Captioned web images:

####################

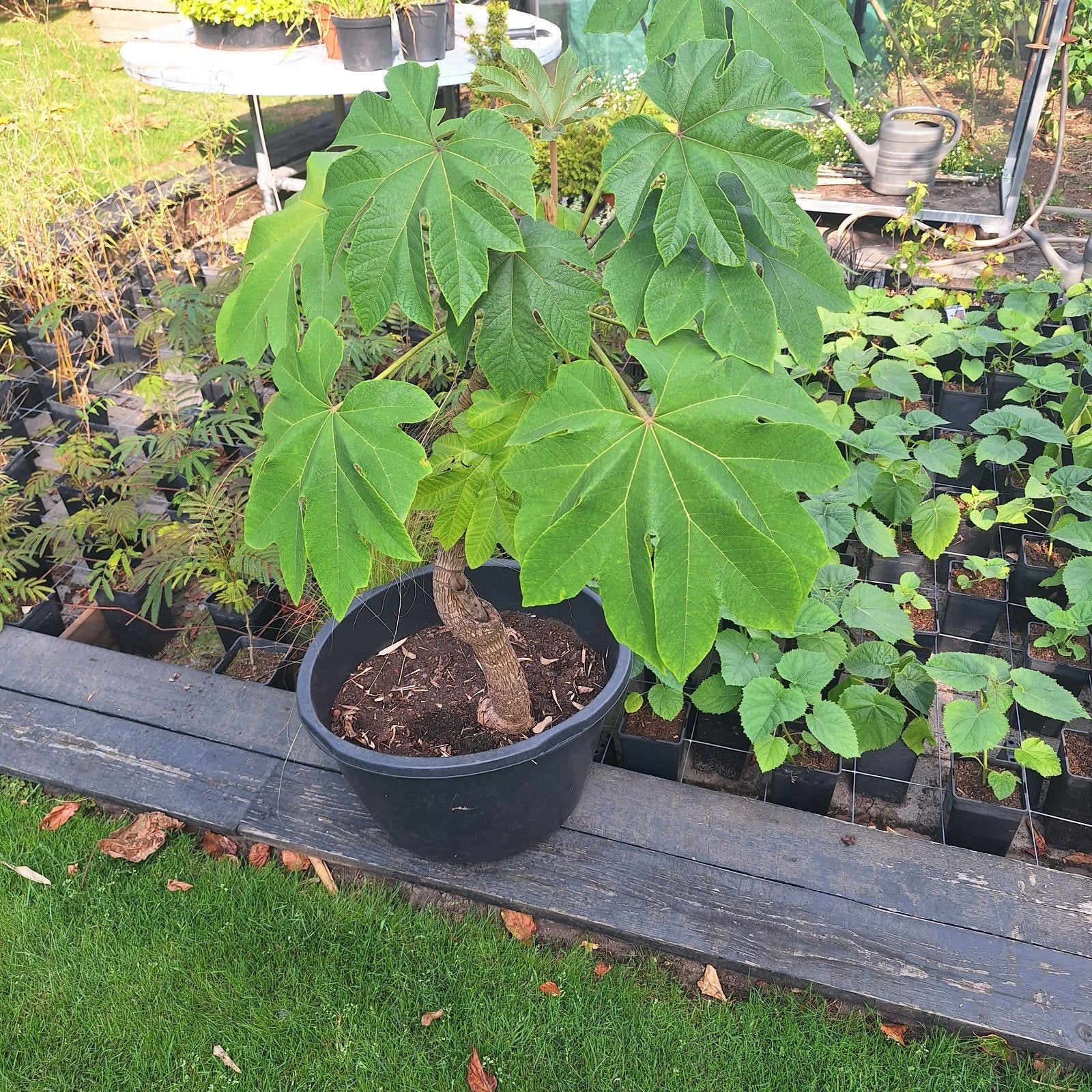 Rijstpapierplant Tetrapanax papyrifera, Vaste plant, Bloeit niet, Halfschaduw, Ophalen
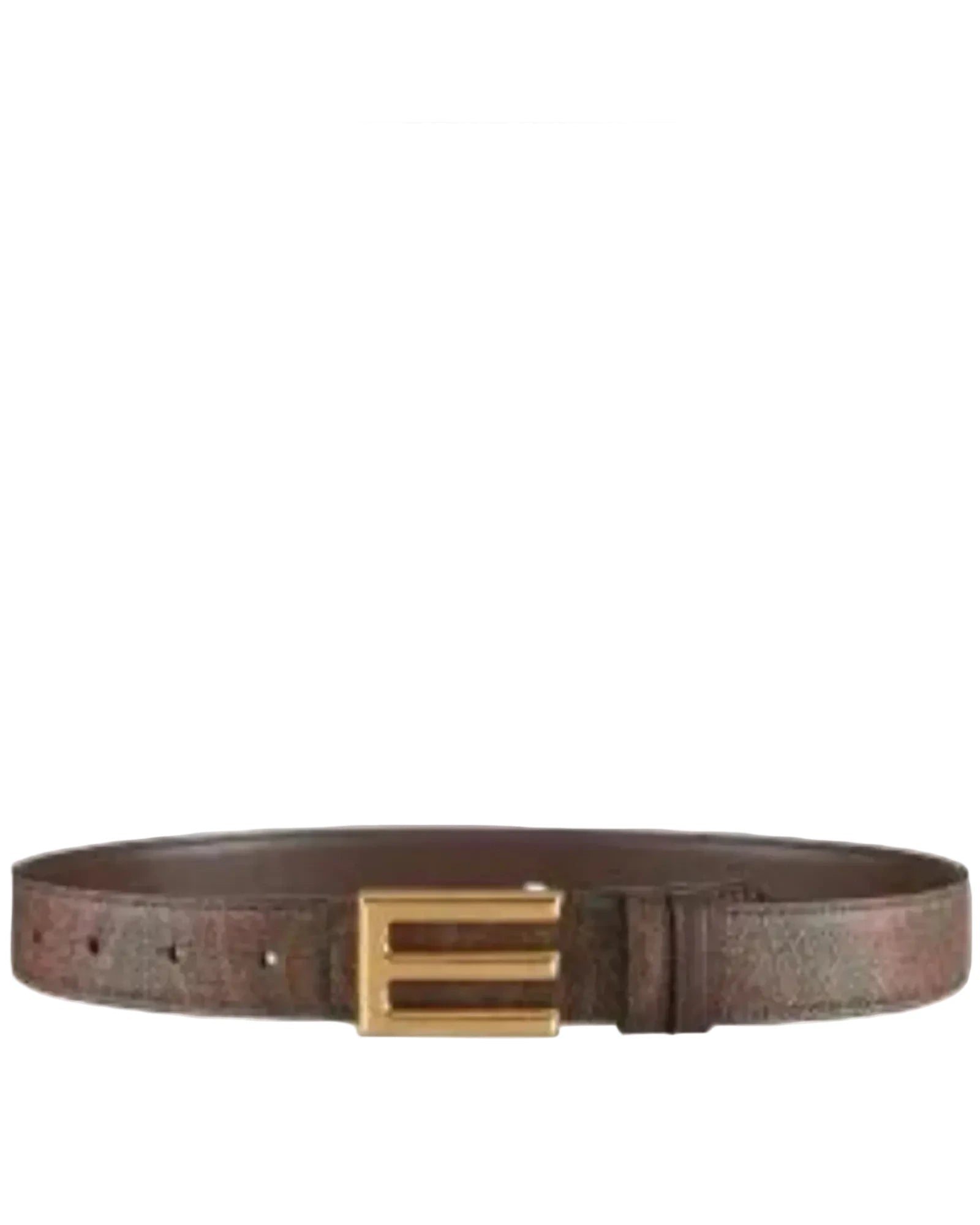 ETRO Taupe Leather Belt - Front View
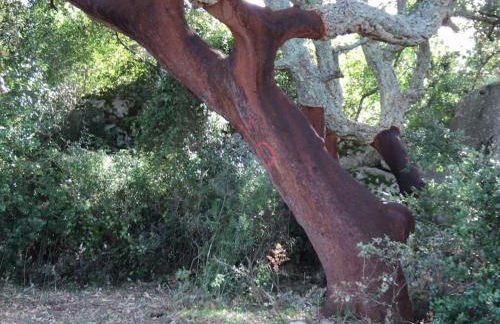 Casa in Gallura - Mare, Montagna, Escursioni - Foto 45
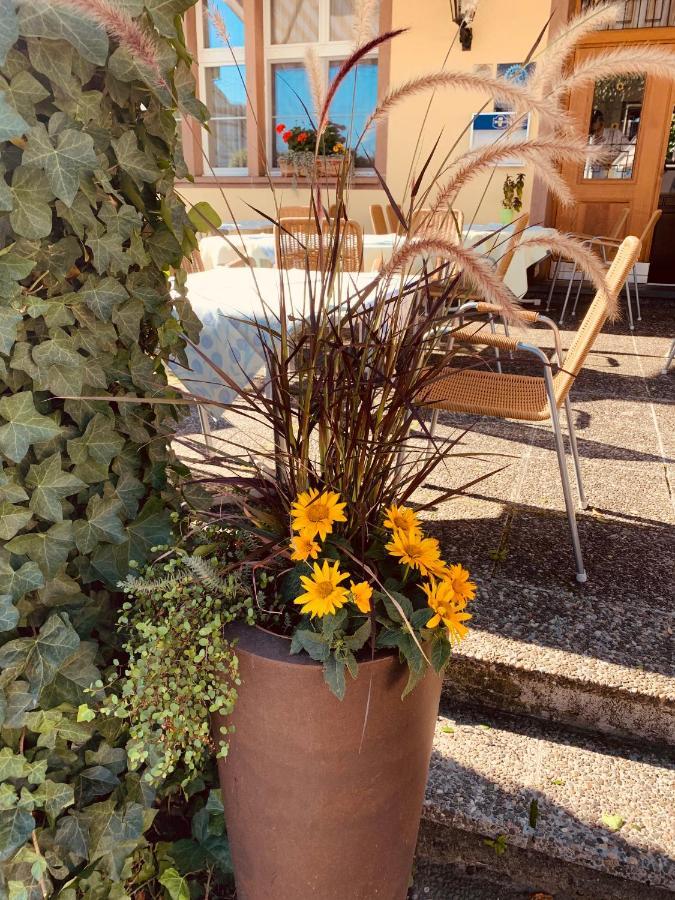 Hotel Roessli Allschwil Luaran gambar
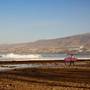 Горящие туры в отель Sol Tenerife - 4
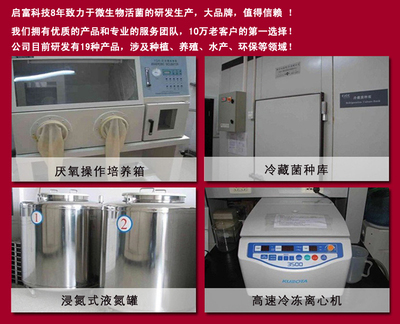 豆渣發(fā)酵制作優(yōu)質(zhì)微生物飼料的實用方法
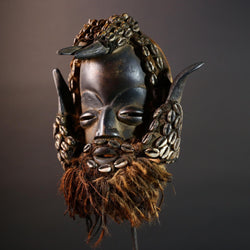 African Dan Cowrie Shell Mask Hand Carved Hardwood Ritual Art Decor from Ivory Coast with Buffalo Horn Accents for Home Display-G5650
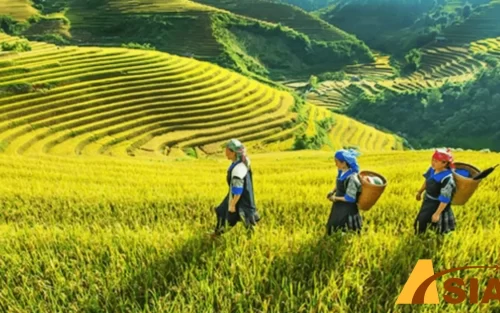 Những lưu ý khi đi tour du lịch Tây Bắc từ Đà Nẵng 5 ngày 4 đêm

####################

» REQUIREMENT
What is needed is every record above, returned exactly, with the pictures omitted.

» ANSWER TO THIS EXERCISE
 Rijstpapierplant Tetrapanax papyrifera, Vaste plant, Bloeit niet, Halfschaduw, Ophalen
 ETRO Taupe Leather Belt - Front View
 Casa in Gallura - Mare, Montagna, Escursioni - Foto 45
 Hotel Roessli Allschwil Luaran gambar
 Горящие туры в отель Sol Tenerife - 4
 豆渣發(fā)酵制作優(yōu)質(zhì)微生物飼料的實用方法
 African Dan Cowrie Shell Mask Hand Carved Hardwood Ritual Art Decor from Ivory Coast with Buffalo Horn Accents for Home Display-G5650
 Những lưu ý khi đi tour du lịch Tây Bắc từ Đà Nẵng 5 ngày 4 đêm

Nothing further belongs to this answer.